Excerpts from a dataset
------

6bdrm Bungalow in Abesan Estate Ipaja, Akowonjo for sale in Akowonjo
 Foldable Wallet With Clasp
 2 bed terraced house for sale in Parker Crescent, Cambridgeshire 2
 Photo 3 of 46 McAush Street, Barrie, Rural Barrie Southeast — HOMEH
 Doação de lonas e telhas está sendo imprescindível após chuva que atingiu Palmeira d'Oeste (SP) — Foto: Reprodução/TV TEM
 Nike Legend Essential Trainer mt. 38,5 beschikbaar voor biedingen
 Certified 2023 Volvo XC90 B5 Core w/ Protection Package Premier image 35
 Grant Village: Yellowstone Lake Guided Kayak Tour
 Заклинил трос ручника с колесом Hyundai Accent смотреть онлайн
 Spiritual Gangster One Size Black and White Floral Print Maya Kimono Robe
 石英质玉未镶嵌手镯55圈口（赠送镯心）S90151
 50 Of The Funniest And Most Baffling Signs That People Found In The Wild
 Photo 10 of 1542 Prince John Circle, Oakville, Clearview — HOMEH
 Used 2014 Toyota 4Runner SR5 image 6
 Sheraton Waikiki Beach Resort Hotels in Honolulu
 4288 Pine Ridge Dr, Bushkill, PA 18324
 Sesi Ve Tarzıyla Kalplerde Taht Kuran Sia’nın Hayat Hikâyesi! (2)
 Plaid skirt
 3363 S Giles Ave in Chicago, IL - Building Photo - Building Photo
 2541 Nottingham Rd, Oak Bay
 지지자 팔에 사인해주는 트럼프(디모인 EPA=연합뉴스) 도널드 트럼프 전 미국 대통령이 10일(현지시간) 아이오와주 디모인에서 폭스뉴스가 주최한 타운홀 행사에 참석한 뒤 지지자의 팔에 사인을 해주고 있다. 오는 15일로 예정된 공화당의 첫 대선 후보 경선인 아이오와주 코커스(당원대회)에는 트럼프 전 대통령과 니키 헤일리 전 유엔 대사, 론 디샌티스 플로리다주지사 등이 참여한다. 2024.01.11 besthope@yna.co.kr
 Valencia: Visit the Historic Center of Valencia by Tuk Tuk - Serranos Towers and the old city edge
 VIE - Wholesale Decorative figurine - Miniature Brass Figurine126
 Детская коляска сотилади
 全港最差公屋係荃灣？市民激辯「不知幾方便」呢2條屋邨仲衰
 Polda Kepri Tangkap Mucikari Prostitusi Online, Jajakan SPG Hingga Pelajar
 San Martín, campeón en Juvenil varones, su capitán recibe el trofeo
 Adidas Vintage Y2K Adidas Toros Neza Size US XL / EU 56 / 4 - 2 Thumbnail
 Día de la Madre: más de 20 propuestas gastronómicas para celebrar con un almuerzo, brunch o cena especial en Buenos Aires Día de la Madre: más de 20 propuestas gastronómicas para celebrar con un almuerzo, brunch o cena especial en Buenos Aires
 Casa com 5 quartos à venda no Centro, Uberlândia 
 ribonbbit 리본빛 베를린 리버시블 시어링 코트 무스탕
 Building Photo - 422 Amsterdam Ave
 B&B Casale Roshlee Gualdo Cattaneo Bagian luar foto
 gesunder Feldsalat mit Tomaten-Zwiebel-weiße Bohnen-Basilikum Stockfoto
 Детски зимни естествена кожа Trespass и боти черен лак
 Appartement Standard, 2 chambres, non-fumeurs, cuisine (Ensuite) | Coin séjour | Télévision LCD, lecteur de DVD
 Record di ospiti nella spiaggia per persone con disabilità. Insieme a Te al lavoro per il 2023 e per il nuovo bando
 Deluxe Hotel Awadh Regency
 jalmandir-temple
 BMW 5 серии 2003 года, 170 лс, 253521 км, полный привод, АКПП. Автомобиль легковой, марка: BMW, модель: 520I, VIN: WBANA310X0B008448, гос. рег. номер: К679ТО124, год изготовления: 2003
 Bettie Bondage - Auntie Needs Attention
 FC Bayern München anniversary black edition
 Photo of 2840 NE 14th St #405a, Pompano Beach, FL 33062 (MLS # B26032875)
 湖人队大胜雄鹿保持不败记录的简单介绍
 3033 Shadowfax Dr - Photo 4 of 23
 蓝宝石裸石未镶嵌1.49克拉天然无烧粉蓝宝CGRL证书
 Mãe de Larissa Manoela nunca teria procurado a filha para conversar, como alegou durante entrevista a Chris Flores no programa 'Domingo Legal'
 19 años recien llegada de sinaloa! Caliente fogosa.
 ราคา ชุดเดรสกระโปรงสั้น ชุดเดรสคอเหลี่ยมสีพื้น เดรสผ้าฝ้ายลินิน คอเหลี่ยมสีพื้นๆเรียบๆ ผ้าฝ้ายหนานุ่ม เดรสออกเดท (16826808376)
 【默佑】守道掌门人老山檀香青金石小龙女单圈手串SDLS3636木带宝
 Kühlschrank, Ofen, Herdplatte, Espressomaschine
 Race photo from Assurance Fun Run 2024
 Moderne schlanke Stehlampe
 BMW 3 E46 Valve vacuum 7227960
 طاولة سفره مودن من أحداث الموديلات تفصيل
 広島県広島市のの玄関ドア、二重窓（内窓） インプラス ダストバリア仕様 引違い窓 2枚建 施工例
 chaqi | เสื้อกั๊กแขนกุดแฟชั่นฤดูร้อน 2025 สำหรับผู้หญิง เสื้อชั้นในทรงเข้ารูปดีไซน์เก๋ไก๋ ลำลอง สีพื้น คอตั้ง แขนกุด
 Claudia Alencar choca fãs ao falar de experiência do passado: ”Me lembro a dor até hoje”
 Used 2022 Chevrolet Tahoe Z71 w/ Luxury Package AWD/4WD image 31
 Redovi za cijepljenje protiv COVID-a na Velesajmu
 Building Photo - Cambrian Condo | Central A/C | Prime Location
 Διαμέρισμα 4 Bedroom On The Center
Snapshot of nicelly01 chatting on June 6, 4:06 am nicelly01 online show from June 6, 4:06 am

------

▸ WHAT THE TASK REQUIRES
Would you copy each line of the records that contains "Package"?

▸ EXERCISE RESPONSE
 Certified 2023 Volvo XC90 B5 Core w/ Protection Package Premier image 35
 Used 2022 Chevrolet Tahoe Z71 w/ Luxury Package AWD/4WD image 31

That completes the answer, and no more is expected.